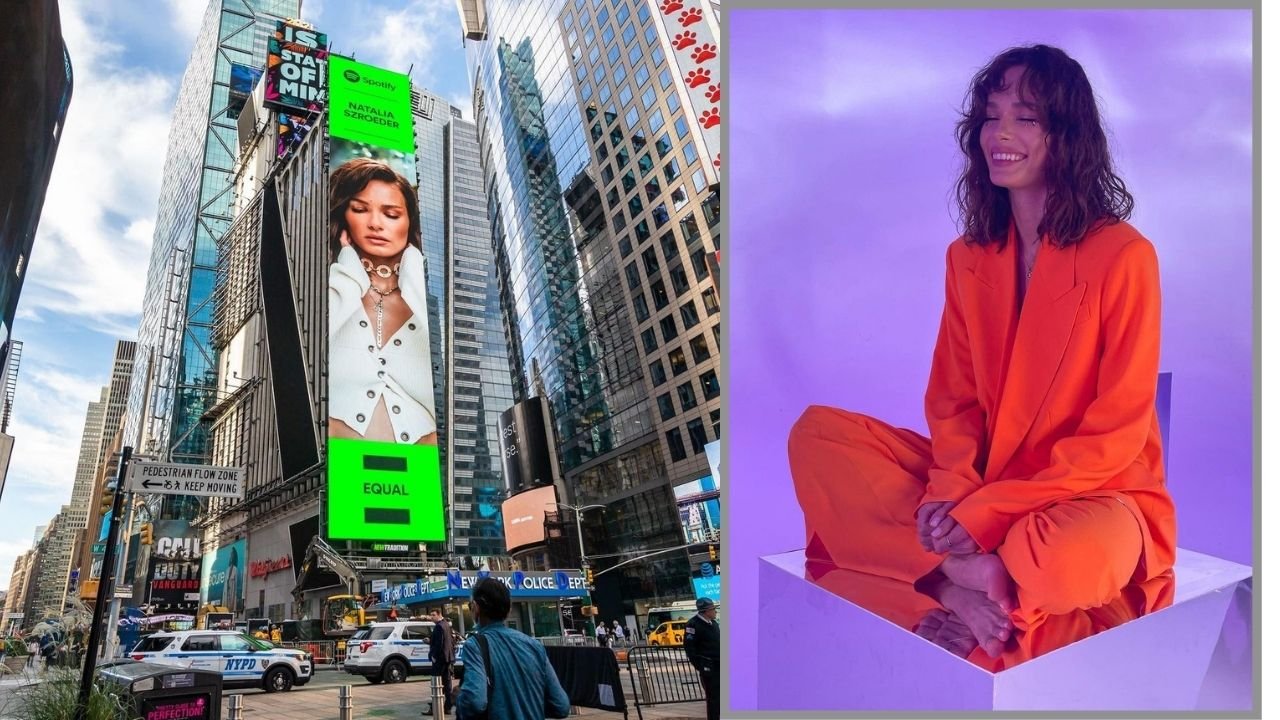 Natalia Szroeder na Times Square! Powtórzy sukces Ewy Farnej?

==

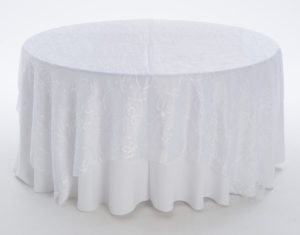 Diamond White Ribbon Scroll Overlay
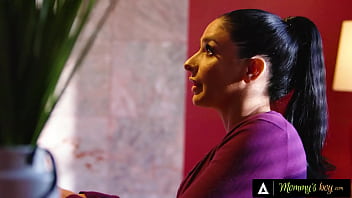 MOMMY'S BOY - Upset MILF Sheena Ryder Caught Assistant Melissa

- _PROBLEM STATEMENT_: Both boundary lines included, write out word for word only the lines above from the one containing "Diamond White Ribbon Scroll Overlay" to the one containing "MOMMY'S BOY - Upset", leaving out any pictures.

- _ANSWER_:
 Diamond White Ribbon Scroll Overlay
 MOMMY'S BOY - Upset MILF Sheena Ryder Caught Assistant Melissa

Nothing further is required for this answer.